• DATA EXTRACT:

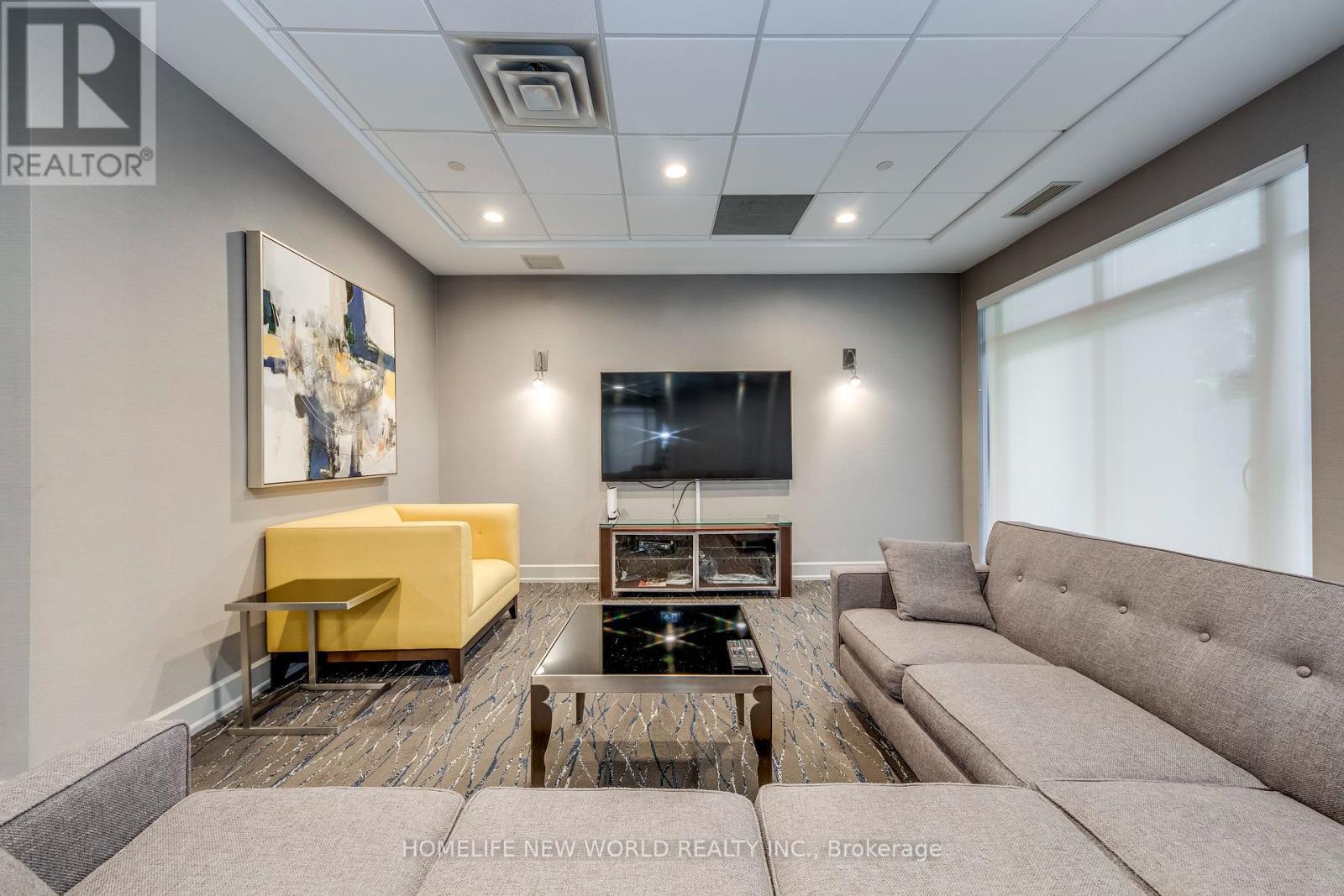 531 - 650 Sheppard Avenue E, Toronto, ON - Indoor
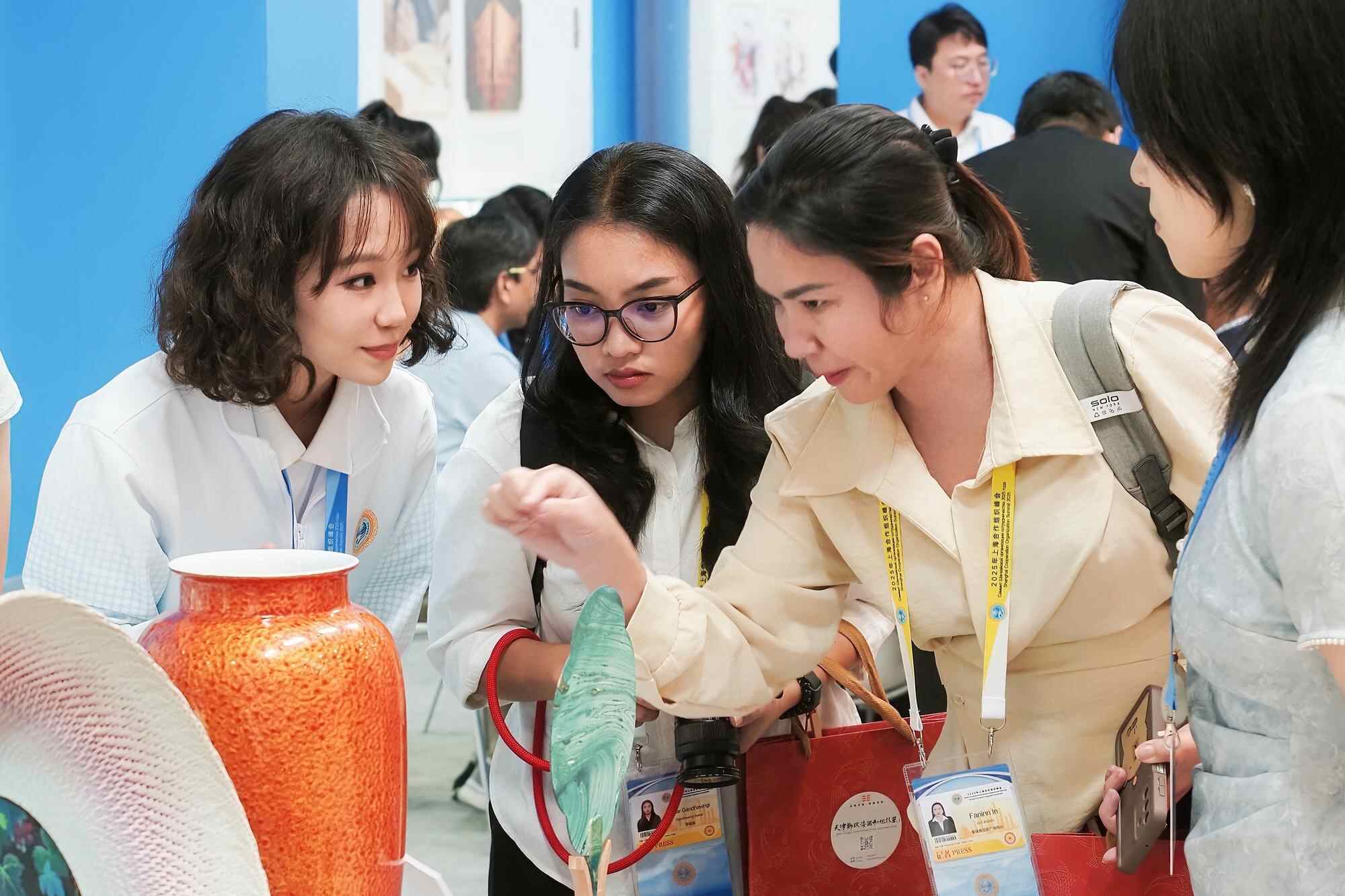 志愿者的一线光线收集到上升的力量，年轻人聚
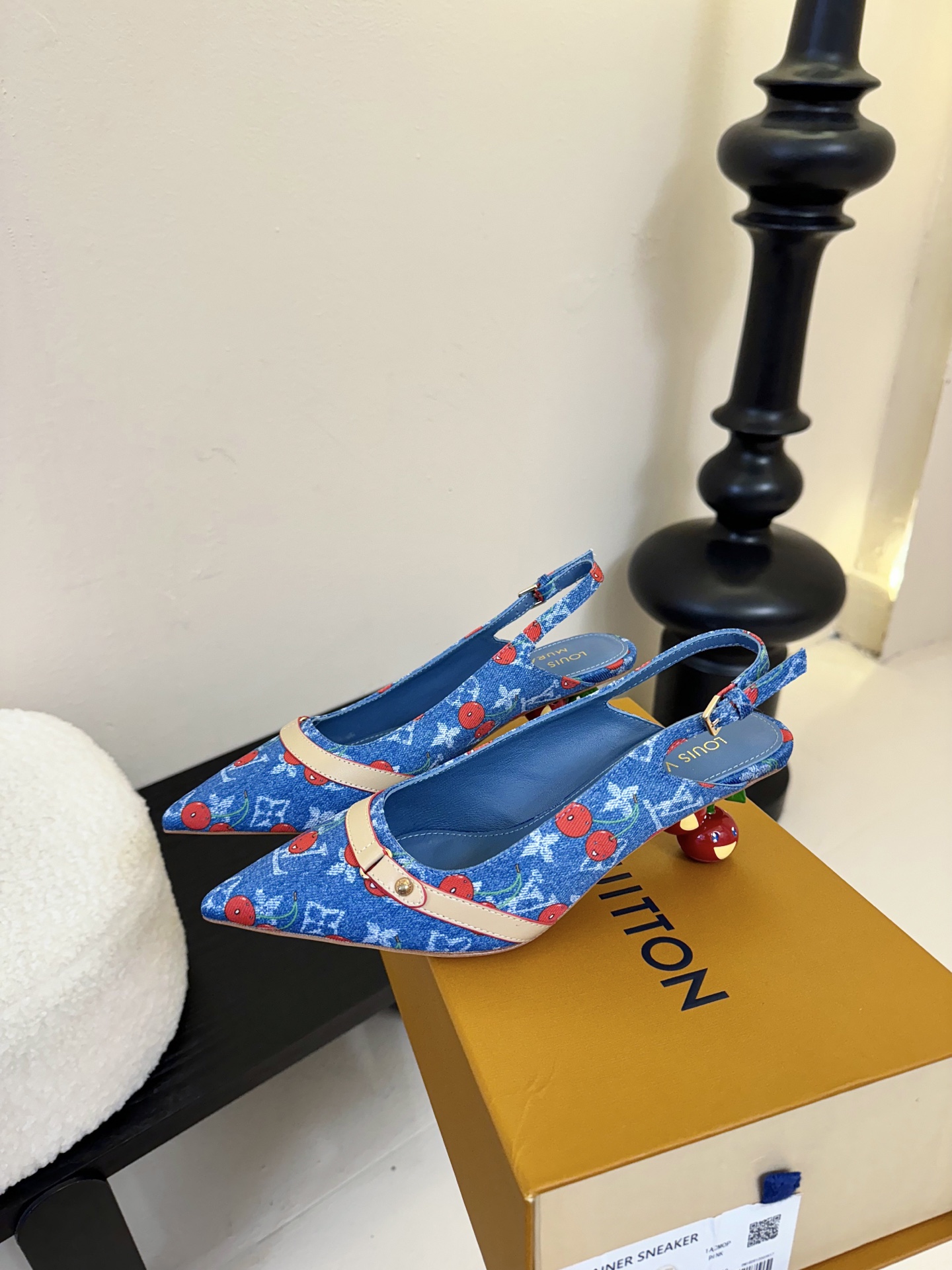 樱桃🍒跟  | ²⁰²5𝐬𝐬 🤍🤎
驴家早春新品🆕 new arrival～LV春夏玛丽珍鞋，也太出彩了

• ABOUT THIS TASK: The final stretch of the data, from the line with "志愿者的一线光线收集到上升的力量，年轻人聚" through its last line, is to be retyped exactly; pictures are not part of the copy.

• COMPLETED EXERCISE:
 志愿者的一线光线收集到上升的力量，年轻人聚
 樱桃🍒跟  | ²⁰²5𝐬𝐬 🤍🤎
驴家早春新品🆕 new arrival～LV春夏玛丽珍鞋，也太出彩了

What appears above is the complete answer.